PROBLEM STATEMENT: In the records below, repeat exactly the lines between the line holding "EPICO Kožený obal" and the line holding "Appartement Carnac, 3", inclusive, and drop the pictures.

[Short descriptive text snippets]
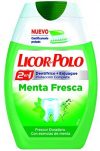 LICOR DEL POLO - 2 IN 1 frische Minze 75 ml - unisex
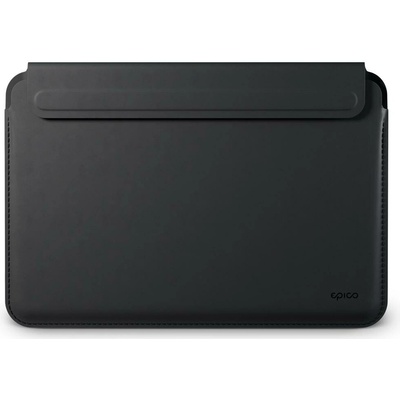 EPICO Kožený obal pro Apple MacBook Pro 14" - černý 9911141300034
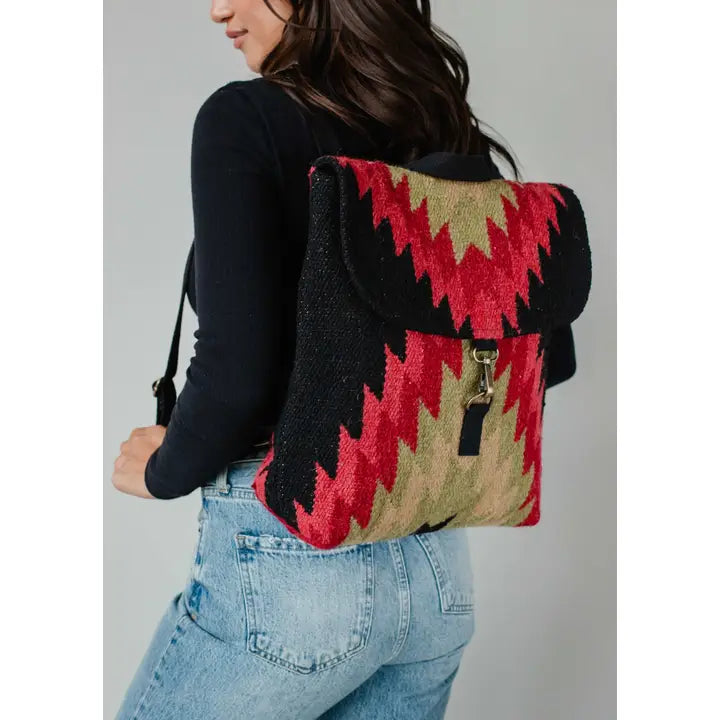 Aztec Backpack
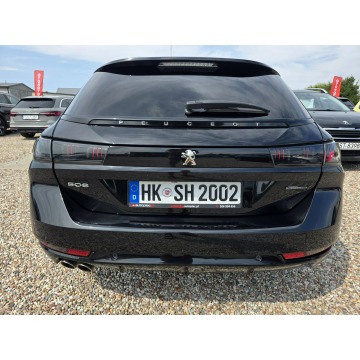 Peugeot 508  Kombi 2019,  2.0 diesel, automat - Na sprzedaż za 79 900 zł - Gniezno - zdjęcie 6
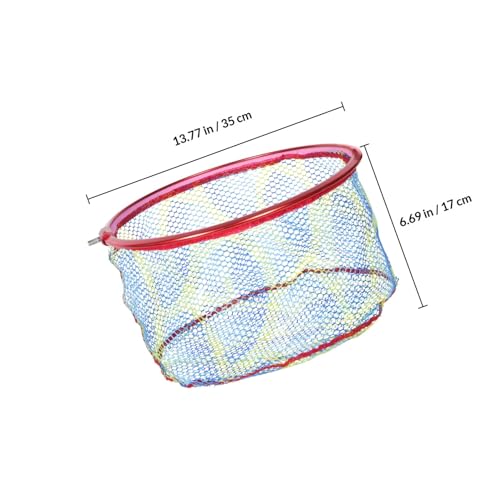 ROMISBABA �����\�Ȓނ�� ���a35cm �[��17cm ���ړI���߂�l�b�g �C���W���Ή� �������x�ɗǂ��ϖ��Ր����� ���S�҂���㋉�� �����_���J���[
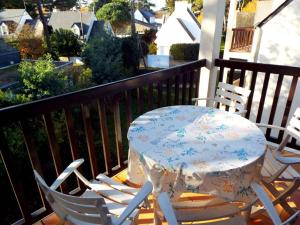 Appartement Carnac, 3 pièces, 5 personnes - FR-1-477-51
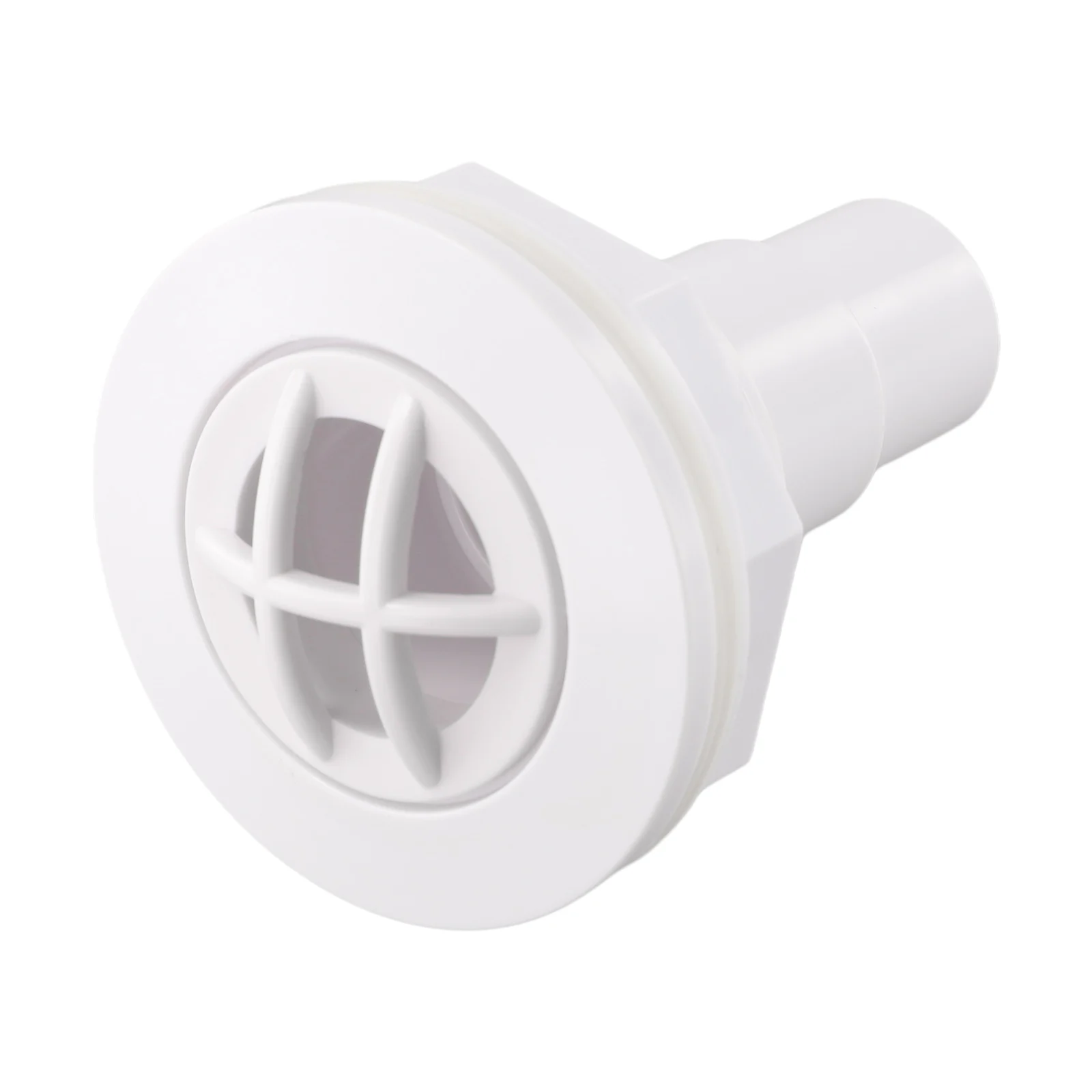 Reliable Pool Wall Nozzle Suction Port for Hayward SP1026D Enhances Circulation with Standard Inlet Compatibility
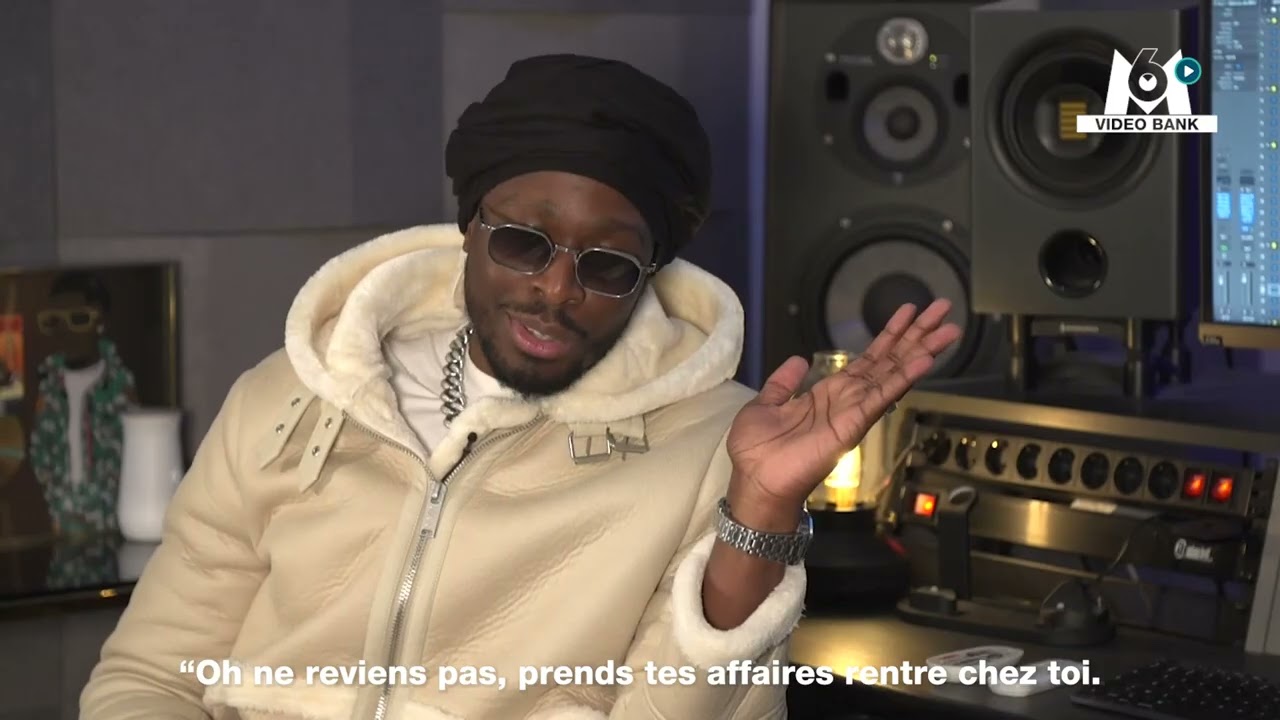 Dadju en feat avec Rihanna ? 🤯 // Extrait archives M6 Video Bank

REPLY:
 EPICO Kožený obal pro Apple MacBook Pro 14" - černý 9911141300034
 Aztec Backpack
 Peugeot 508  Kombi 2019,  2.0 diesel, automat - Na sprzedaż za 79 900 zł - Gniezno - zdjęcie 6
 ROMISBABA �����\�Ȓނ�� ���a35cm �[��17cm ���ړI���߂�l�b�g �C���W���Ή� �������x�ɗǂ��ϖ��Ր����� ���S�҂���㋉�� �����_���J���[
 Appartement Carnac, 3 pièces, 5 personnes - FR-1-477-51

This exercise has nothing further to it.